会社規模、取り扱い品目など様々な要因によって認証取得までの作業期間は大きく異なりますが、概ね数ヶ月を要します。

AFCにおけるコンサルティングの作業範囲

AFCにおけるコンサルティングの作業は、通常のコンサルティングの場合、以下に示す「ステップ1」から「ステップ4」までの範囲です。また、「ステップ5」で示す実地検査および判定における是正処置についての支援も可能ですので、もし支援が必要な場合には、AFCまでお問い合わせください。

ステップ1: 現地調査および有機JAS規格および基準の概要説明

有機JAS規格および基準などの知識習得および輸入品目の確認

有機JAS認証取得を予定している関係者は、有機JASに関する制度、規格、および基準に関する知識を習得するために、これらの概要説明を受ける必要があります。

また、法律に照らし合わせることによって、輸入し、有機JAS品として日本国内で販売可能な品目であるか否かを確認します。(海外の有機品に対して有機JASマークを貼付するためには、いくつかの条件があります。)

現地調査

有機JASの認証取得が可能な受入保管施設であるか否かを調べるために、現地を訪問し、立地条件、施設、設備、および管理体制などを確認します。(自社の受入保管施設を持っていない場合、契約倉庫を受入保管施設とすることも可能です。)

なお、受入保管施設である倉庫で管理する有機品が、禁止物質からの汚染の回避および非有機品との区分管理ができない場合などは、認証の取得は困難です。また、大豆などを受入だけではなく、撰別を行う場合には、別途小分け業者の認証が必要です。

ステップ2: 認証のための体制の確立

体制

輸入業者が単独で認証取得を目指す場合、あるいは倉庫業者と一体となって認証取得を目指すなどのケースがあります。それぞれのケースにおいて、受入から出荷までの責任の所在を明らかにし、倉庫業者との管理も含めた認証取得および維持管理のための体制確立が必要です。

また、認証事業者になった場合には、有機JAS製品の取り扱いなどに関する事故および間違などが発生しないように、組織を整備し、維持管理しなければならないことにも十分留意する必要があります。

担当者の選任

有機JASマークの適切な表示のためには、受入保管担当者、格付表示などの業務を担当する者を選任しておく必要があります。日常業務において、その業務を熟知している人をこれらの担当者にすることが適切な方法です。
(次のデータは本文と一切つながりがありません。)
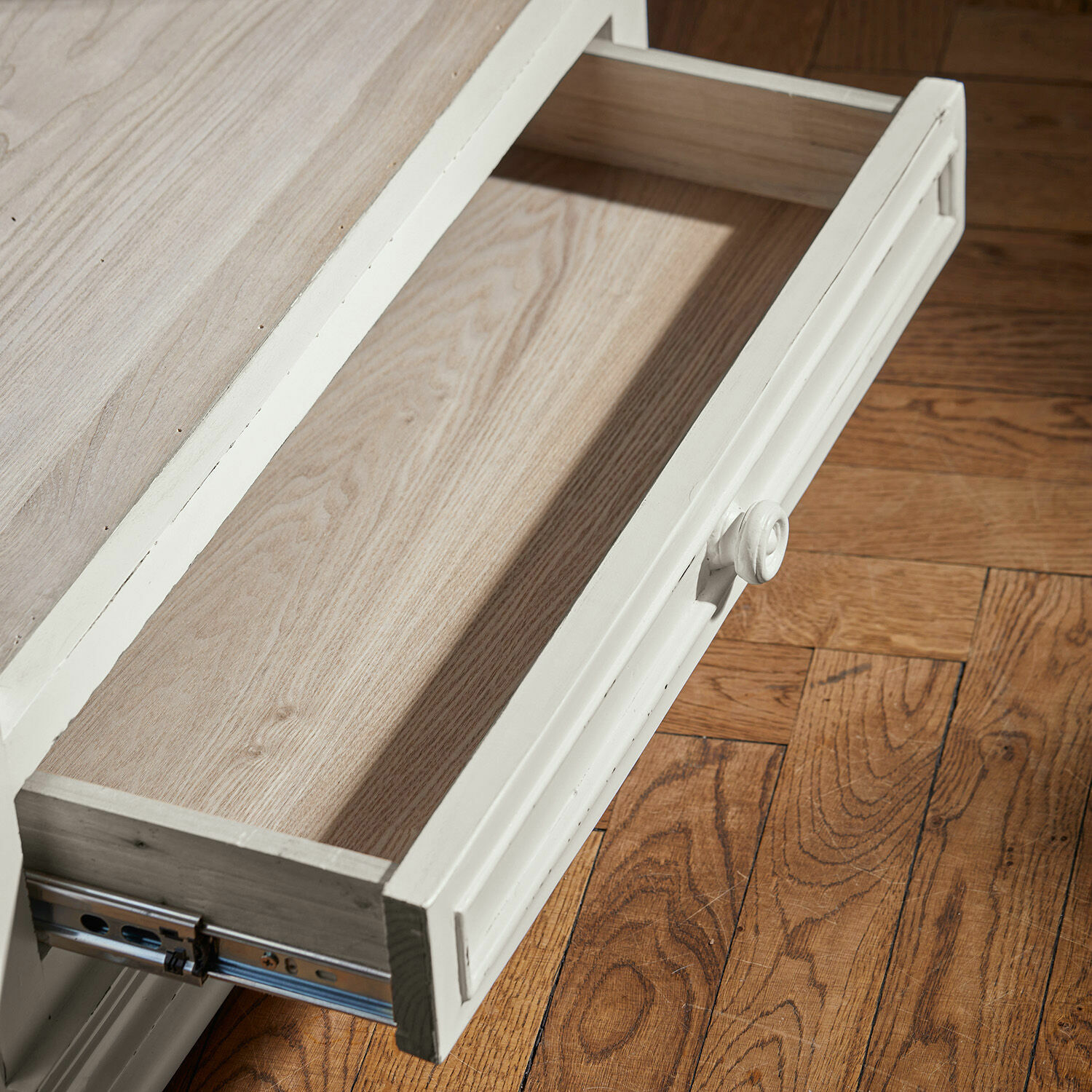 Offene weiße Holzschublade mit rundem Griff auf hellem Holzboden im Vintage-Stil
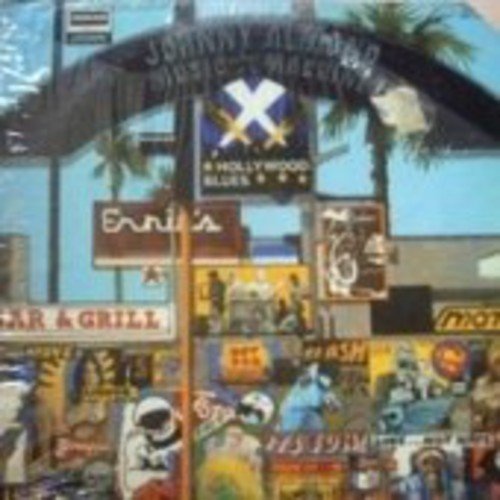 "Album cover with 'West, Bruce & Laing' in graffiti-style text and band members playing instruments."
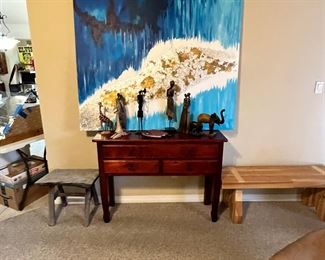 Beautiful large painting, multicultural collection of statues in carvings, and to really fantastic wooden benches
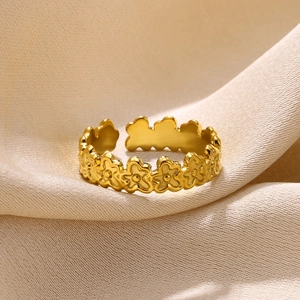 Detailed close-up of a gold floral pattern adjustable ring on beige silk background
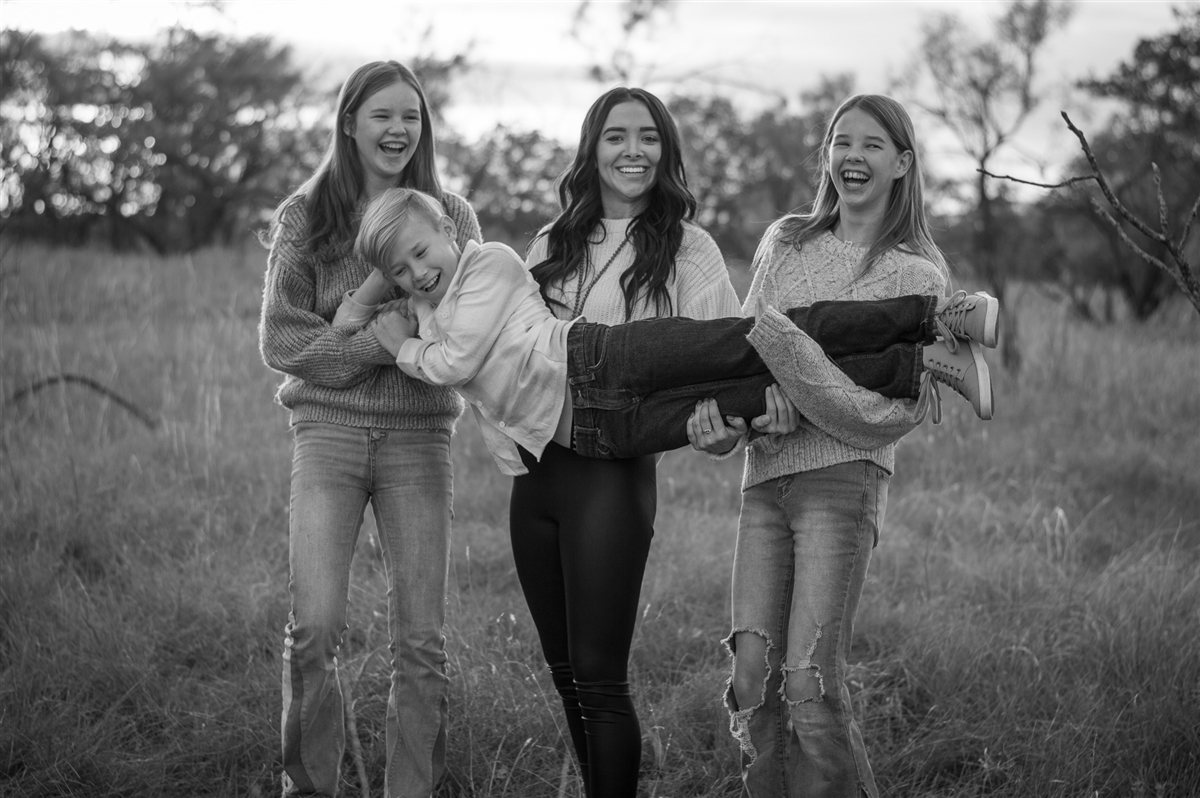 The Ahern kids laughing together outdoors in a black-and-white family portrait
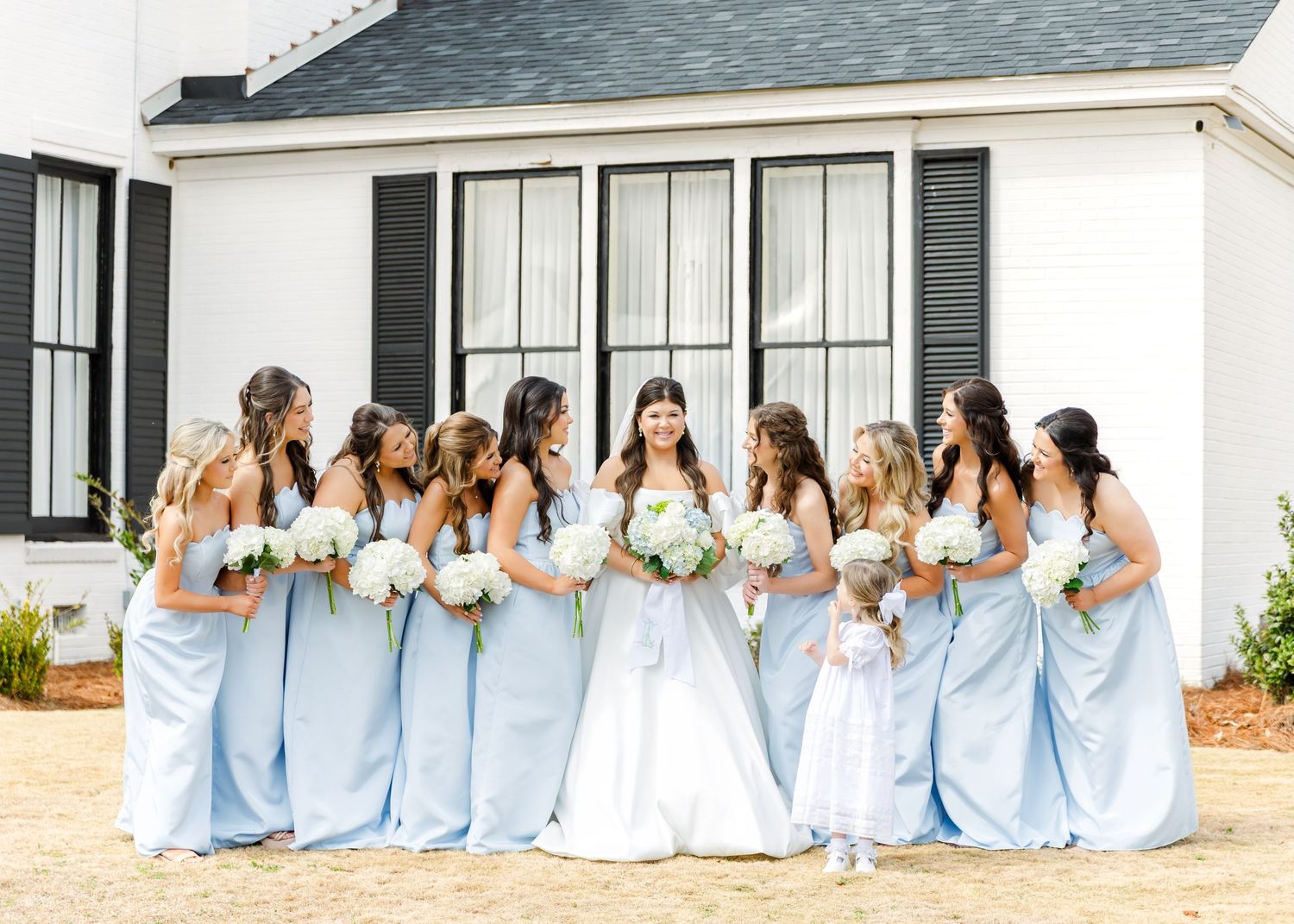 Bride surrounded by bridesmaids in light blue gowns holding white bouquets outside white wedding venue.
受入保管責任者および格付表示担当者は、認証取得前に登録認証機関が指定する講習会の受講が必要です。したがって、認証取得を円滑に進めるためには、担当者の選任および講習会への申し込みなどを早めに済ませておくことが望ましいです。

ステップ3: 技術的基準への対応

内部規程の作成

有機JASの認証事業者になるためには、「有機JAS認証の技術的基準」に記載されている項目を含む内部規程を作成し、これに従った業務を行うことが要求されます。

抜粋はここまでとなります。